◆ **DATASET EXCERPTS**

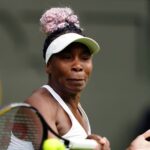 Venus Williams given Indian Wells wild card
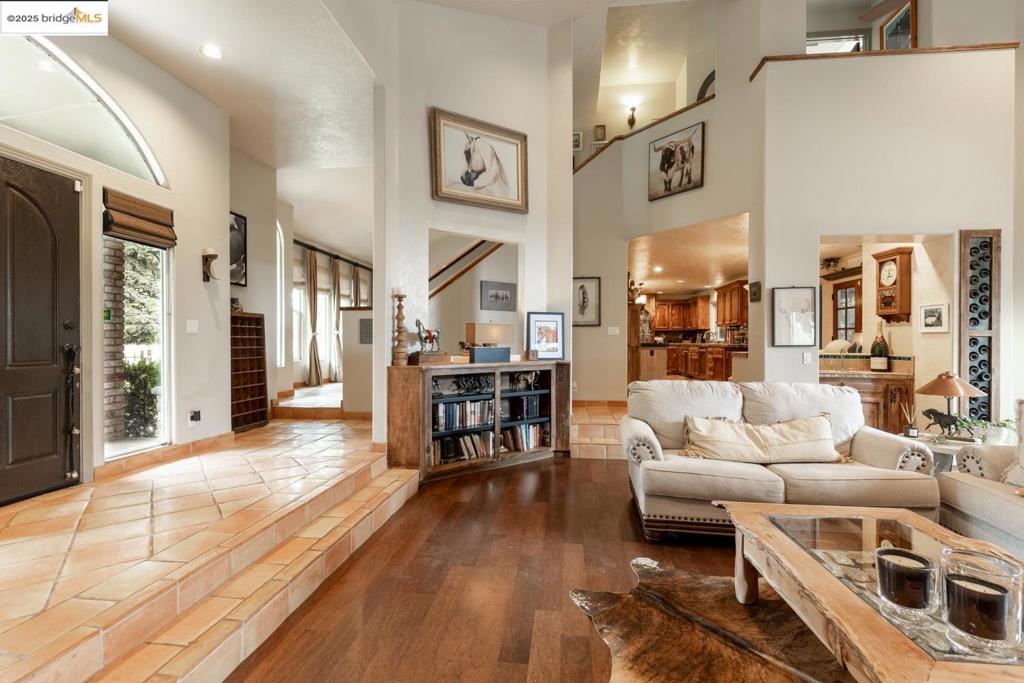 Not Listed - Residential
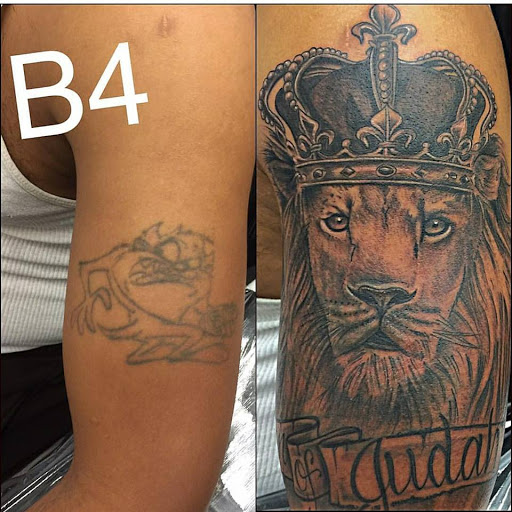 Tattoo Shop «G Spot», reviews and photos, 2302 W Newport Pike, Wilmington, DE 19804, USA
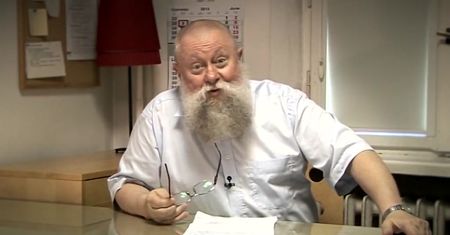 O przyimkach i spójnikach [WGAD]
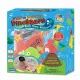 Buddy & Barney: Tapassz a csempére! Furcsa és csodálatos dinók - . kép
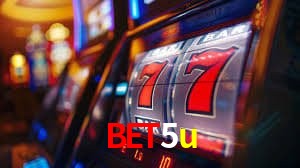 Live Casino bet5u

◆ **TO DO**
Repeat everything in the entries above word for word, excluding the images.

◆ **THE ANSWER**
 Venus Williams given Indian Wells wild card
 Not Listed - Residential
 Tattoo Shop «G Spot», reviews and photos, 2302 W Newport Pike, Wilmington, DE 19804, USA
 O przyimkach i spójnikach [WGAD]
 Buddy & Barney: Tapassz a csempére! Furcsa és csodálatos dinók - . kép
 Live Casino bet5u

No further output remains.